Kumiko Ogura

Personal information
- Born: 5 July 1983 (age 43) Kawagoe, Mie, Japan
- Height: 1.70 m (5 ft 7 in)
- Weight: 64 kg (141 lb)

Sport
- Country: Japan
- Sport: Badminton
- Handedness: Right

Women's doubles
- Highest ranking: 6
- BWF profile

Medal record
Women's badminton
Representing Japan
World Championships
| Bronze medal – third place | 2007 Kuala Lumpur | Women's doubles |
Uber Cup
| Bronze medal – third place | 2004 Jakarta | Women's team |
Asian Games
| Silver medal – second place | 2006 Doha | Women's team |
| Bronze medal – third place | 2006 Doha | Women's doubles |
Asian Championships
| Silver medal – second place | 2005 Hyderabad | Women's doubles |
| Bronze medal – third place | 2007 Johor Bahru | Women's doubles |
Asian Junior Championships
| Bronze medal – third place | 2000 Kyoto | Girls' team |

Signature
- Kumiko Ogura's signature

= Kumiko Ogura =

Japanese badminton player

Kumiko Ogura (小椋 久美子, Ogura Kumiko) is a Japanese badminton player, affiliated with the Sanyo Electric team.

Born in Kawagoe, Mie, Ogura started playing badminton at the age of eight.

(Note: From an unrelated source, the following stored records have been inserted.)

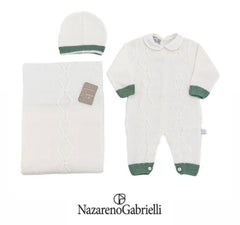 Nazareno Gabrielli Set Nascita in Lana Tre Pezzi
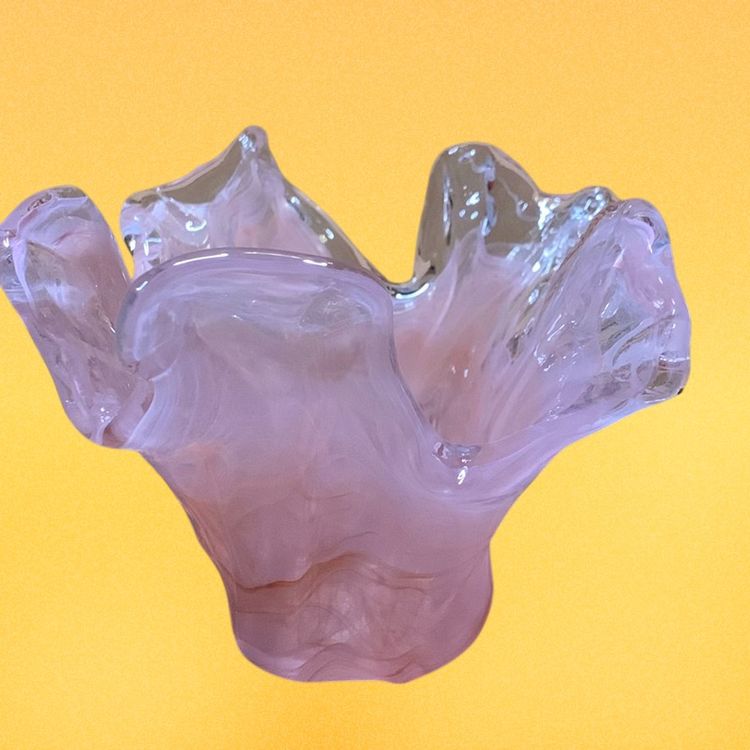 17. Glass Candle Votive Italy Pink Art Vase Ruffled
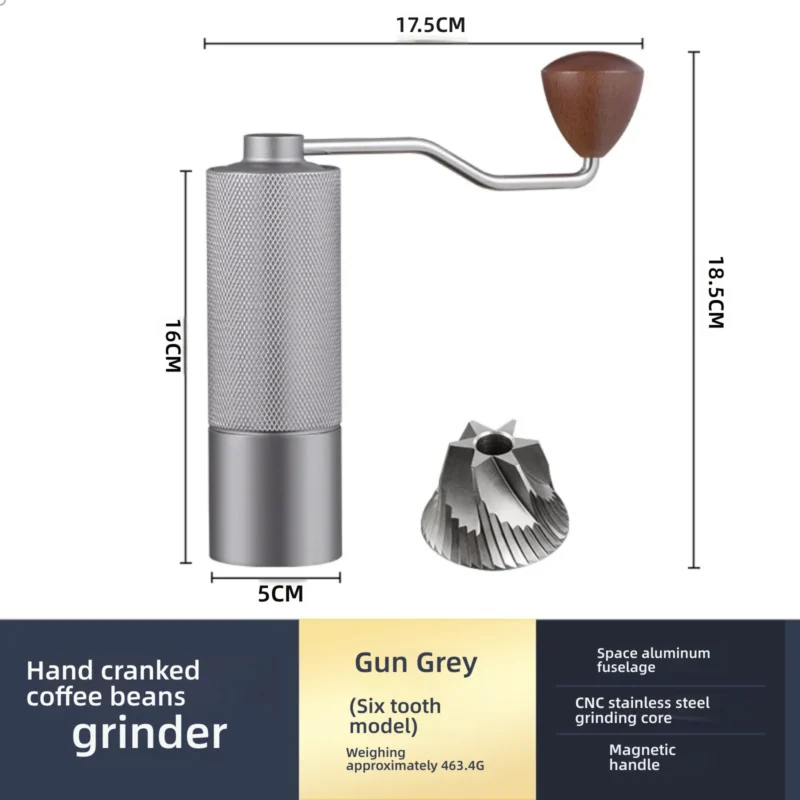 Premium Carbon Steel Burr Manual Coffee Grinder with Double Bearing for Fresh Brewing - Image 15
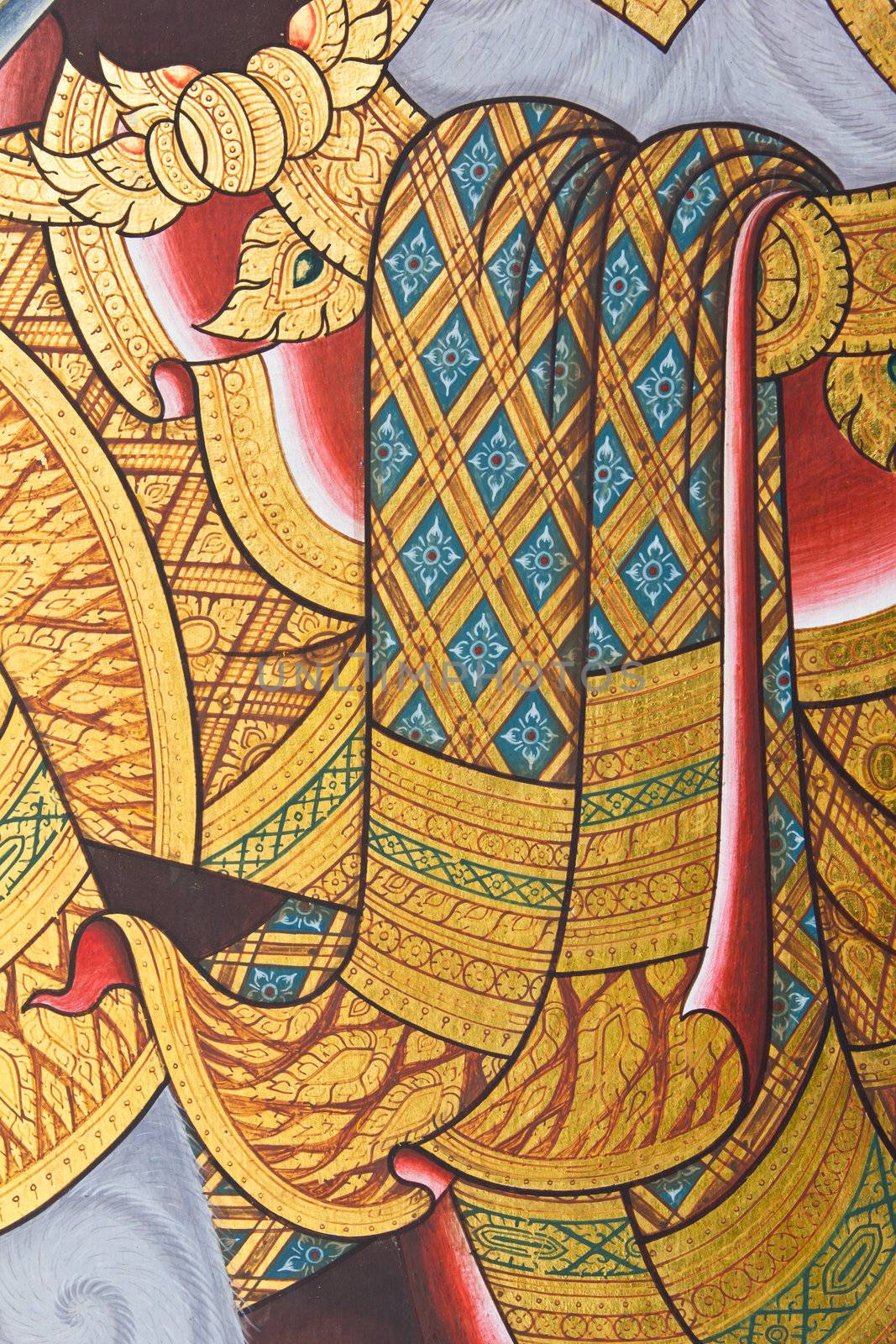 traditional thai style painting on temple wall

During her first year at Shitennoji Senior High School, she joined the Japanese junior team. After graduating from high school in 2002, she joined the Sanyo Electric team.

Partnered with Reiko Shiota, Ogura finished second in the women's doubles at the 2005 Asian Championships. The pair then won their first World Grand Prix title at the 2005 Denmark Open. In 2006, they won a bronze medal at the Doha 2006 Asian Games after losing to Yang Wei and Zhang Jiewen in the semifinals. They also won bronze at the 2007 World Championships in Kuala Lumpur, Malaysia. In May 2008, Ogura and Shiota were ranked 6th in the BWF World Ranking and qualified for the Beijing 2008 Summer Olympics. At the Olympics, they won their first round match against the Danish pair of Lena Frier Kristiansen and Kamilla Rytter Juhl in a rubber match, but lost in straight games to Du Jing and Yu Yang of China in the second round.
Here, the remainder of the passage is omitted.